Output the listing below verbatim, without images.

**Dataset content**:
════════════════════
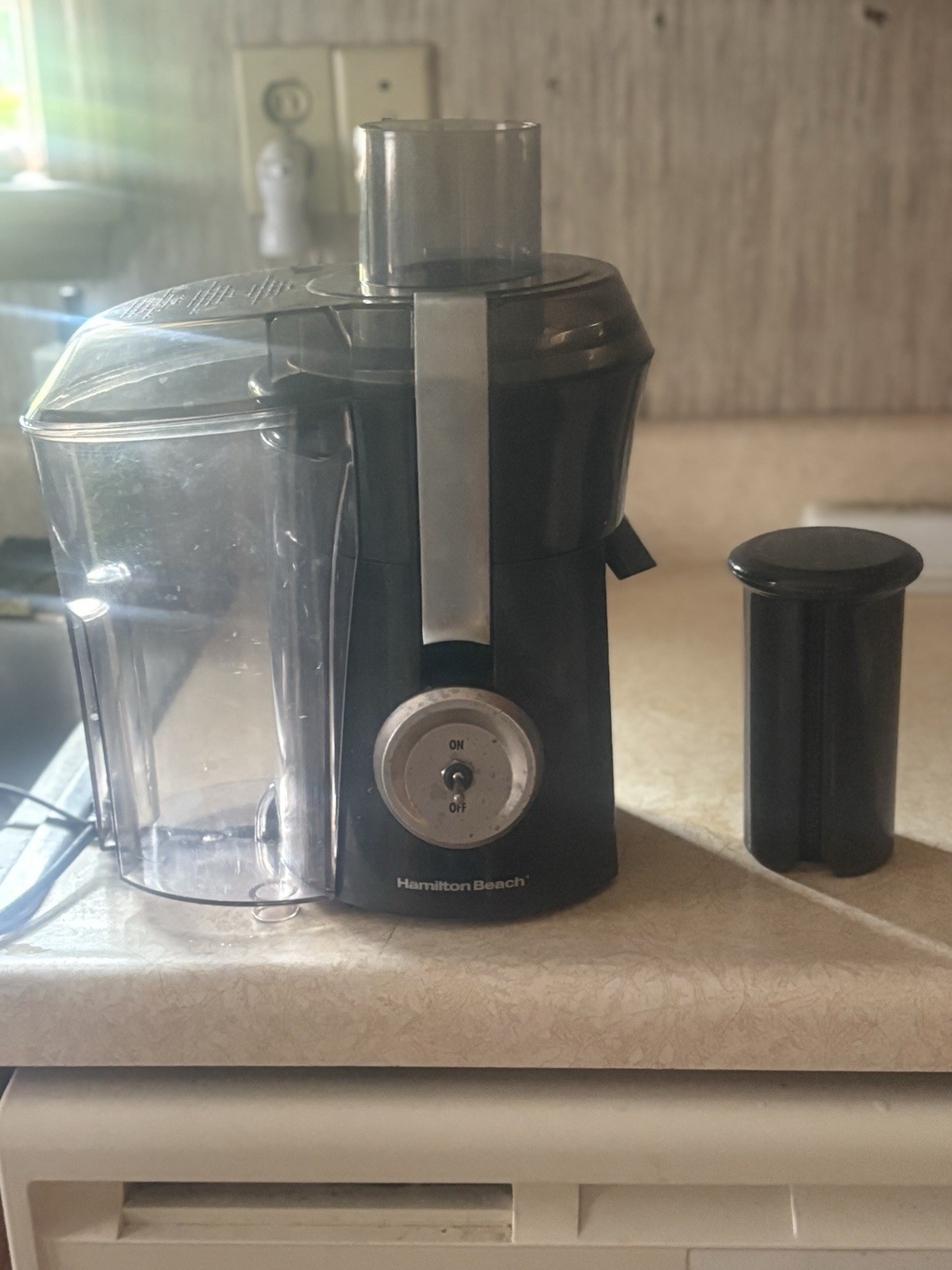 Hamilton Beach Centrifugal Juicer Extractor Black Tested Works Clean gallery
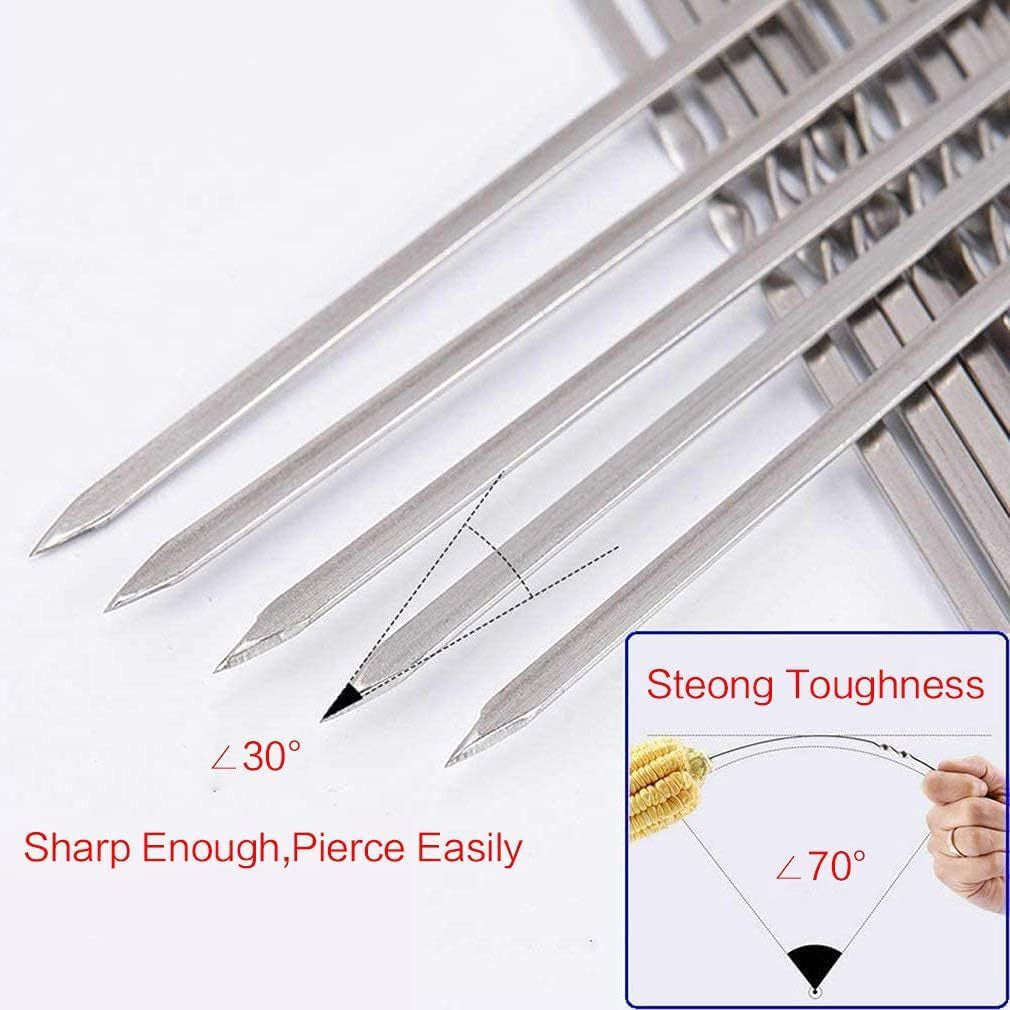 metal-skewer-for-grilling-kabob-skewer-flat-bbq-barbecue-skewer-grilling-skewers-set-reusable-bbq-14-skewer16-pack
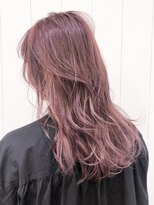 アイティー バイ アルバム 中野店(IT by ALBUM)&nbsp;ピンクロング_ローライトスリークボブ厚めバング_ba288621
════════════════════
**Answer box**:
 Hamilton Beach Centrifugal Juicer Extractor Black Tested Works Clean gallery
 metal-skewer-for-grilling-kabob-skewer-flat-bbq-barbecue-skewer-grilling-skewers-set-reusable-bbq-14-skewer16-pack
 アイティー バイ アルバム 中野店(IT by ALBUM)&nbsp;ピンクロング_ローライトスリークボブ厚めバング_ba288621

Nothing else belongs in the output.